EXERCISE DESCRIPTION => Within the entries below, output exactly the lines between the line containing "昆明创建网站哪个好(昆明网站建设哪儿好薇)" and the line containing "我最好的朋友叫杰克他13岁了他来自美国用英文怎么说", inclusive, and omit any picture.

SOURCE RECORDS =>
· · · ·

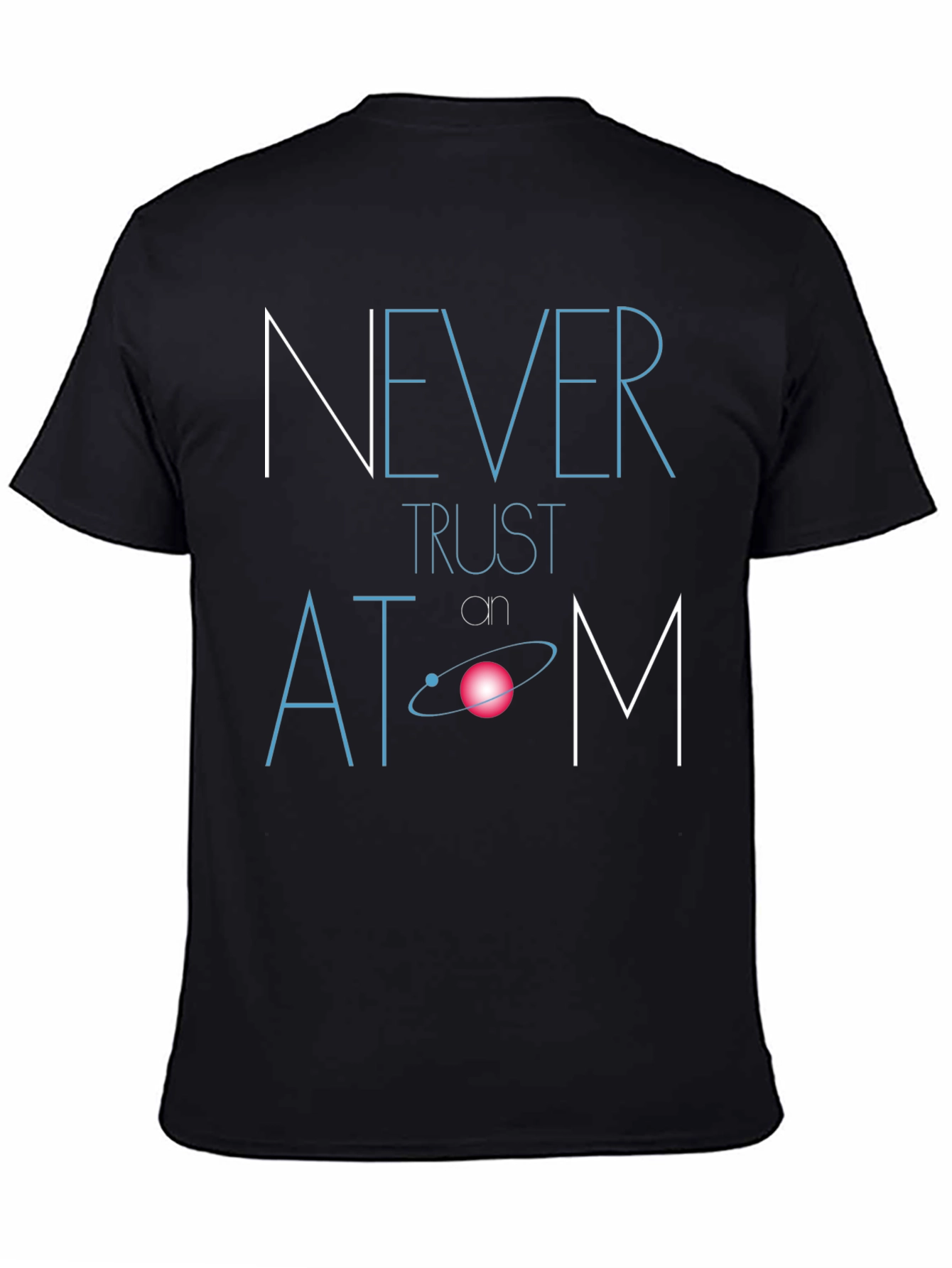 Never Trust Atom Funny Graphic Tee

· · · ·

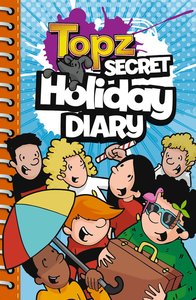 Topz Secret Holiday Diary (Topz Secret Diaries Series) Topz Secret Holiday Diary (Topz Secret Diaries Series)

· · · ·

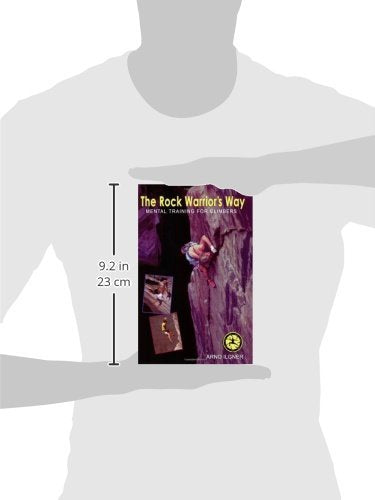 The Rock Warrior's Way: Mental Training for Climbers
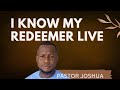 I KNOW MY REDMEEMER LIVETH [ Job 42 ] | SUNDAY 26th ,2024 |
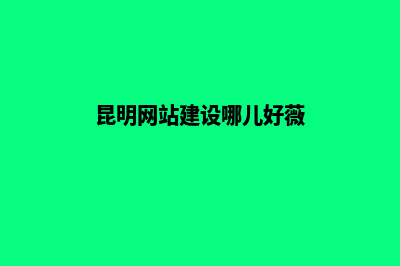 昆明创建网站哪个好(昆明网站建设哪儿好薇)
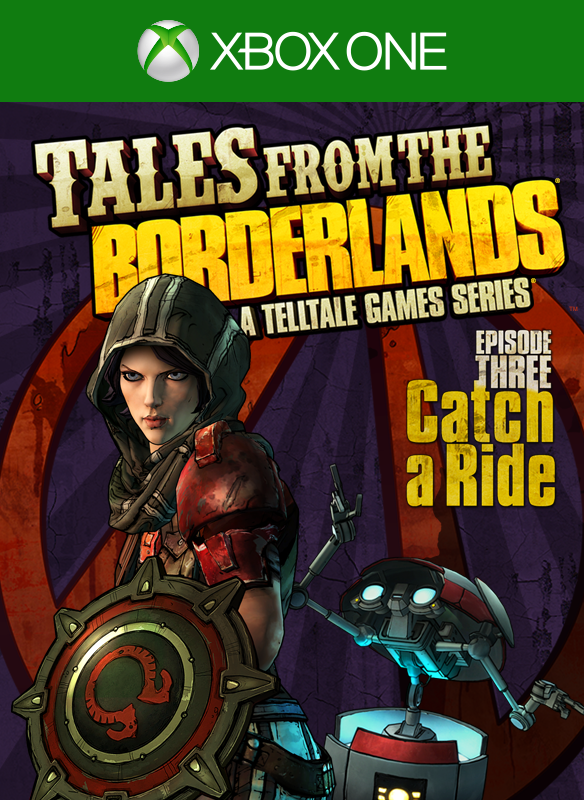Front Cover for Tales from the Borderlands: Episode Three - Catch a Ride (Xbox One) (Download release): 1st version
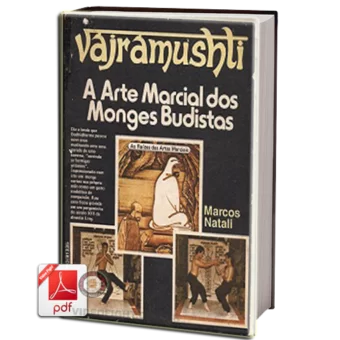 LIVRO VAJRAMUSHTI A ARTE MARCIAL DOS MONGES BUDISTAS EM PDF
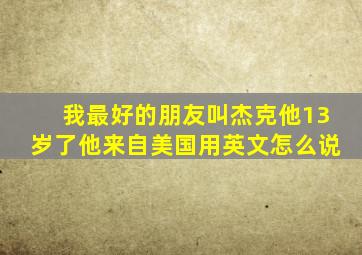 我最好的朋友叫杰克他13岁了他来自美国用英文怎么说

· · · ·

RESULT OF THE TASK =>
 昆明创建网站哪个好(昆明网站建设哪儿好薇)
Front Cover for Tales from the Borderlands: Episode Three - Catch a Ride (Xbox One) (Download release): 1st version
 LIVRO VAJRAMUSHTI A ARTE MARCIAL DOS MONGES BUDISTAS EM PDF
 我最好的朋友叫杰克他13岁了他来自美国用英文怎么说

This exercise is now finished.